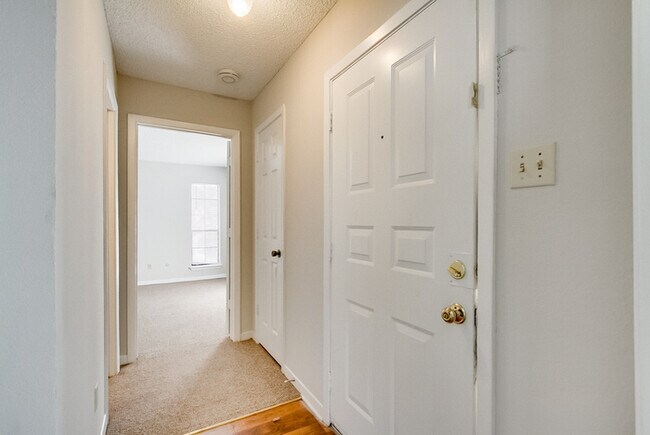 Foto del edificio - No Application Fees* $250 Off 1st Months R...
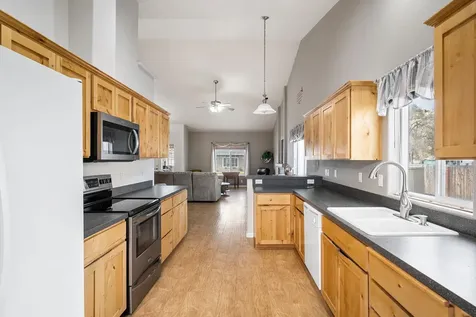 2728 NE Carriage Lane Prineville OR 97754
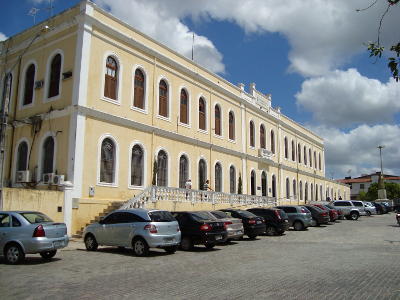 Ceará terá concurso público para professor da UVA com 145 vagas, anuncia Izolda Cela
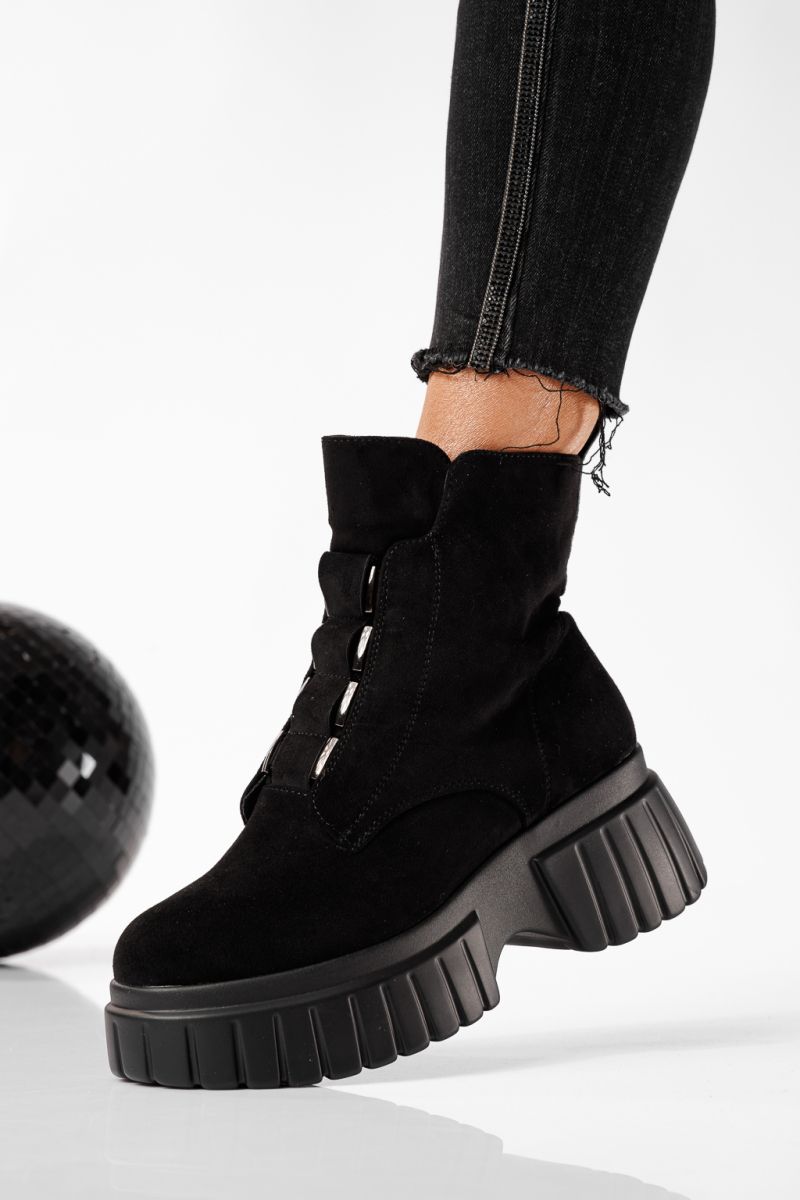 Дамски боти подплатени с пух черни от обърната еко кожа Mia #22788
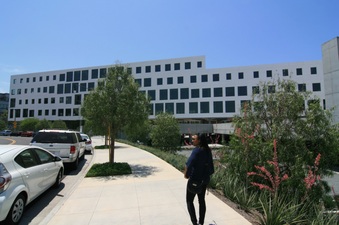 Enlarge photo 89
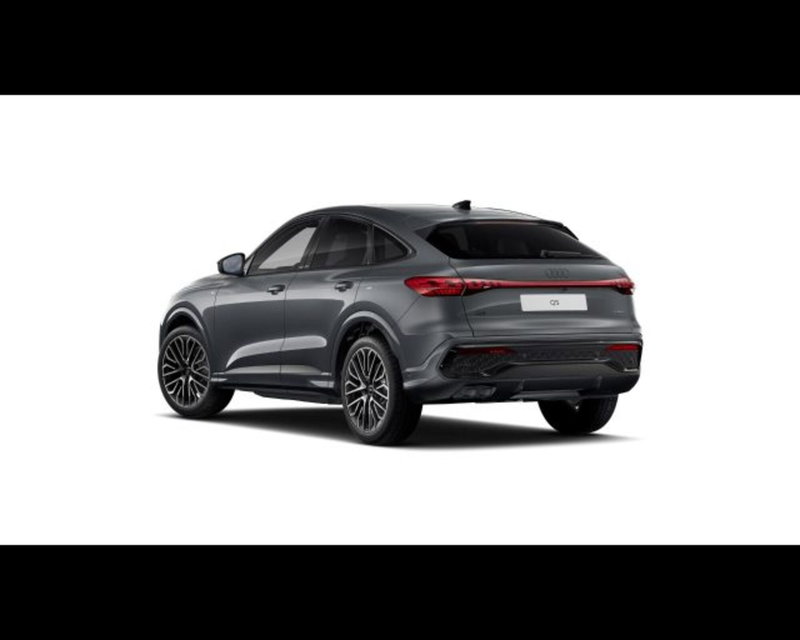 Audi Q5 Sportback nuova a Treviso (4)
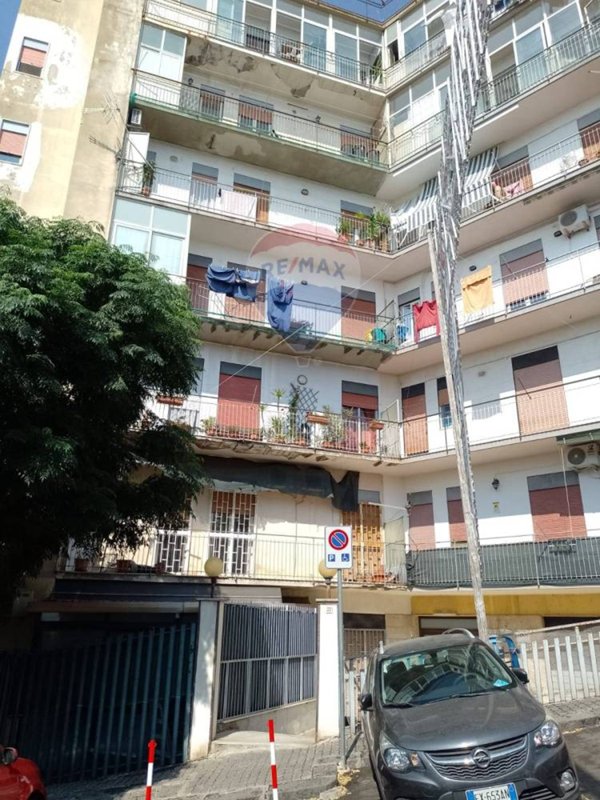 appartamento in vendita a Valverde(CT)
################
> [WHAT YOU ARE ASKED TO DO]: Word for word, restate the lines from the line containing "Дамски боти подплатени" through the end of the data, including the first and last of them. Pictures stay out.

> [RESULT OF THIS TASK]:
 Дамски боти подплатени с пух черни от обърната еко кожа Mia #22788
 Enlarge photo 89
 Audi Q5 Sportback nuova a Treviso (4)
 appartamento in vendita a Valverde(CT)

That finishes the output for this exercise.